Déjà sept mois que Daniel Darc est parti rejoindre le paradis, lui qui avait passé sa vie en enfer. Le 30 septembre est sorti son ultime album : Chapelle Sixteen. Un disque où sa foi est au cœur de ces quinze chansons, accompagnées de quatorze titres inachevés.
Un orchestre symphonique ouvre l’album, sur le titre Les 3 singes, où la voix de Daniel Darc vient casser la pureté des chœurs. Une place au paradis, un titre résolument punk, évoque une fois de plus ce lieu qu’il ne pensait pas rejoindre si tard comme il disait souvent. Lui-même était surpris d’être encore vivant, si bien qu’il devait penser chaque instant vivre le dernier jour sur Terre.
Comme sur La taille de mon âme, le producteur Laurent Marimbert a capté chaque phrases de Daniel Darc pendant toutes les séances d’enregistrements, insérant des moments improvisés (Variations 6), de rigolade, mais aussi de grâce (Variations 5). Ces variations montrent que l’ex-chanteur de Taxi Girl était quelqu’un de joyeux et bel et bien vivant.
Sur La dernière fois, il déroule les histoires de sa vie, se remémorant ses conquêtes féminines. Une musique étonnamment légère vient illustrer les histoires de Marie, Sylvie, Fabienne ou encore Annabelle.
Chapelle Sixteen dévoile Daniel Darc dans des situations peu habituelles : chantant un boléro, seul face à un piano, quasiment en acoustique, ce qui est était rarement arrivé par le passé en studio : Des idiots comme moi ou le bouleversant Ita Beila, montrant que la mort l’a déjà côtoyé.
Dans la dernière Variation (numéro 8), il chante This is the end, prêt à accueillir l’ultime titre de ce disque, Les Enfants. C’est donc sur près de onze minutes, que Daniel Darc nous livre une de ses plus belles complaintes. Celle d’enfants pas sages, l’enfant qu’il a été, il y’a très longtemps. Il passe du français à l’anglais avec une dextérité qui lui est propre. Difficile de rester insensible à ses dernières phrases :
Non je n’veux pas y aller,
Non, je n’veux pas y aller,
Non je n’irais plus, jamais là-bas.
Ils me font pleurer
Maman, maman, maman…
Il en profite pour lâcher des mots poignants, dark, parfois drôles : La tendresse c’est plus fort que les coups.

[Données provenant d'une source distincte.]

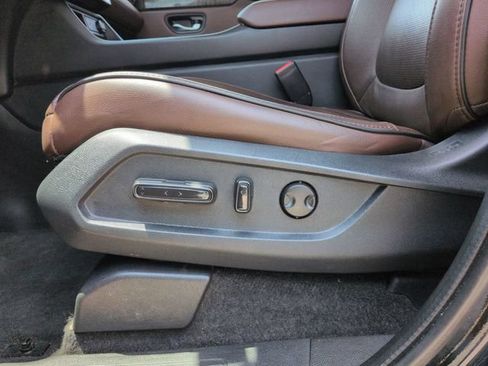 Used 2024 Honda Pilot Elite image 23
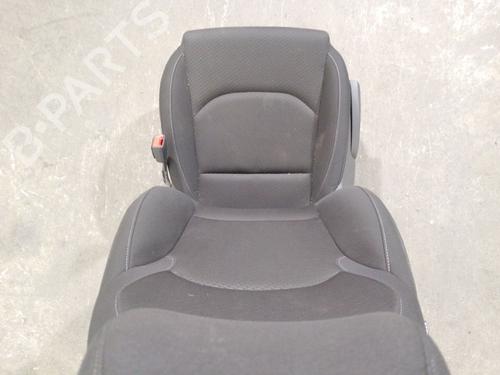 Right front seat HYUNDAI i30 FASTBACK (PDE, PDEN) 1.4 T-GDI | BP36037897C16 - Image 5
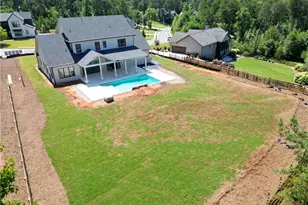 6008 Bluewater Blvd, Gainesville, GA 30506 - Photo 5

Laurent Marimbert a décidé de vider les tiroirs, afin de ne pas retrouver dans quelques années au rayons disques des FNAC (si celles-ci en vendent toujours, ce qui est moins sûr), des best-of regroupant quelques titres faussement inédits justement.
Sur ces quatorze titres la première partie est dépouillée. Accompagné par très peu d’instruments, Daniel Darc se rapproche encore plus du creux de notre oreille. Chaque mots semble pesé et le rapprocher un peu plus de la mort (battements, larme, dort). L’occasion d’entendre aussi une dernière fois son harmonica qu’il traînait partout avec lui (Bottes de skaï).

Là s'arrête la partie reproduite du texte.